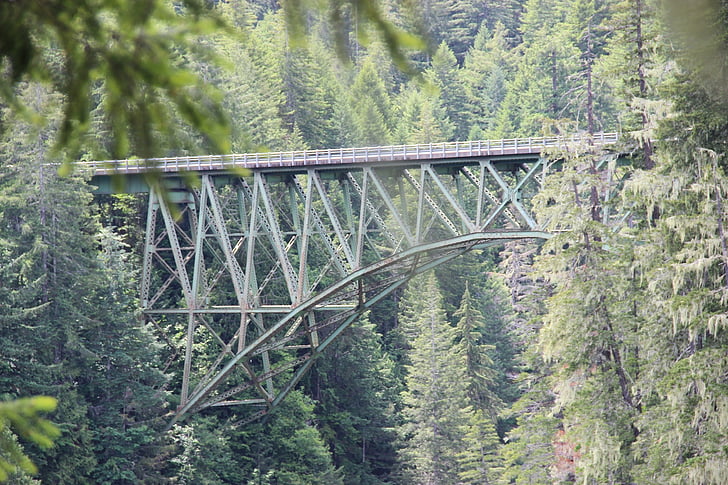 Bogenbrücke aus Stahl, Schlucht, Truss, Bogen, Architektur, Canyon, Landschaft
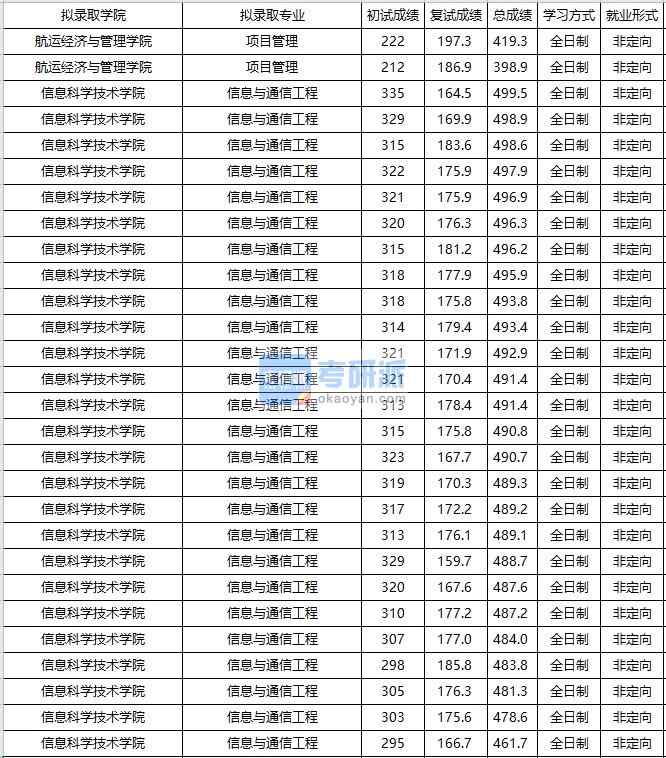 大连海事大学项目管理2020年研究生录取分数线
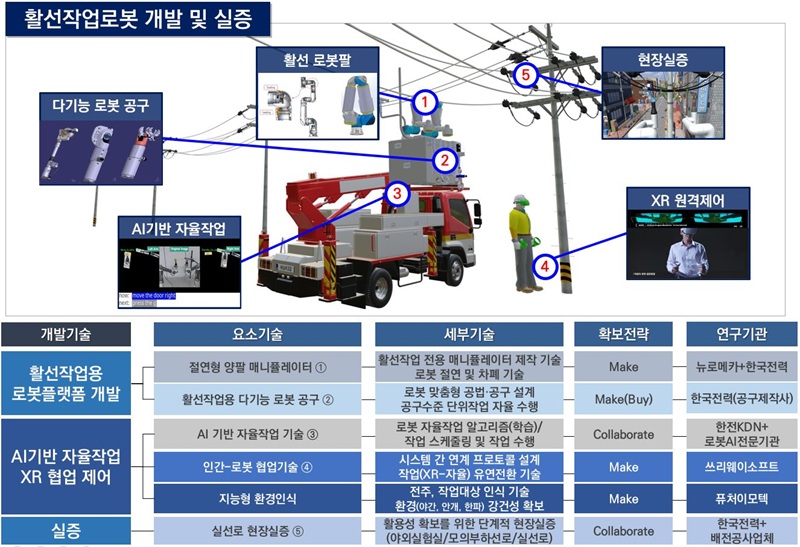 ▲ 지난 12일부터 4년간 단계별 기술 개발과 현장 실증을 통해 세계 최고 수준의 지능형 활선작업 로봇 플랫폼 확보에 나선다. ⓒ한국전력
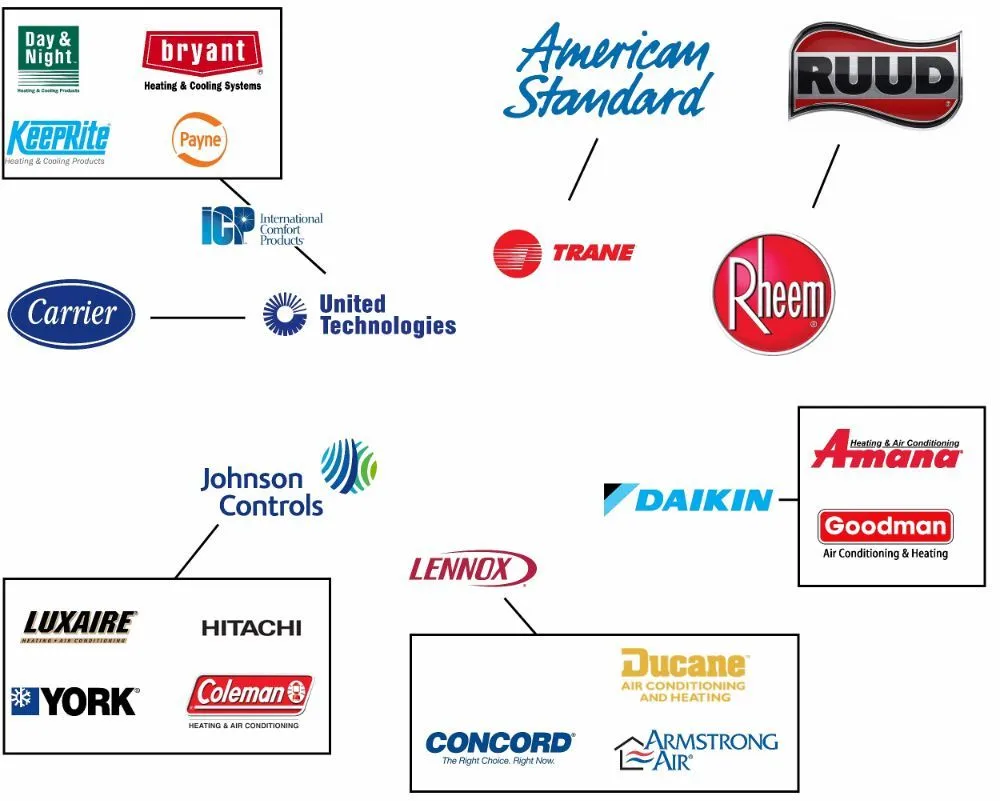 Slide of Air Temp Solutions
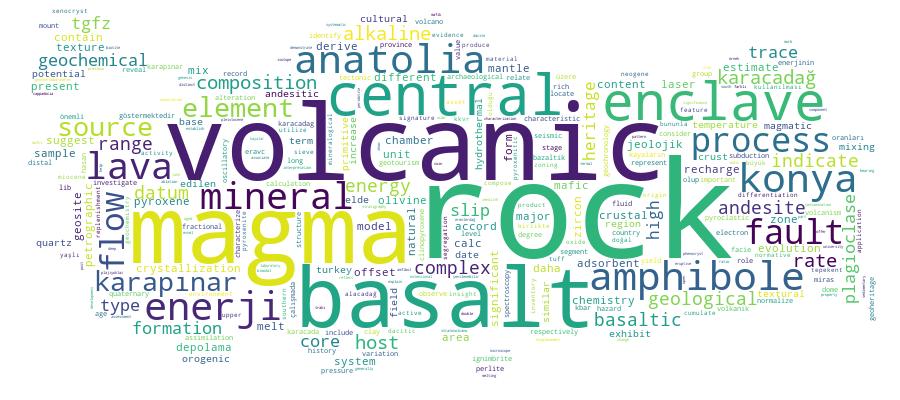 GCRIS Competency Cloud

**EXERCISE DIRECTIONS**
Output an exact copy of the material, with the pictures removed.

**RESULT**
 Bogenbrücke aus Stahl, Schlucht, Truss, Bogen, Architektur, Canyon, Landschaft
 大连海事大学项目管理2020年研究生录取分数线
 ▲ 지난 12일부터 4년간 단계별 기술 개발과 현장 실증을 통해 세계 최고 수준의 지능형 활선작업 로봇 플랫폼 확보에 나선다. ⓒ한국전력
 Slide of Air Temp Solutions
 GCRIS Competency Cloud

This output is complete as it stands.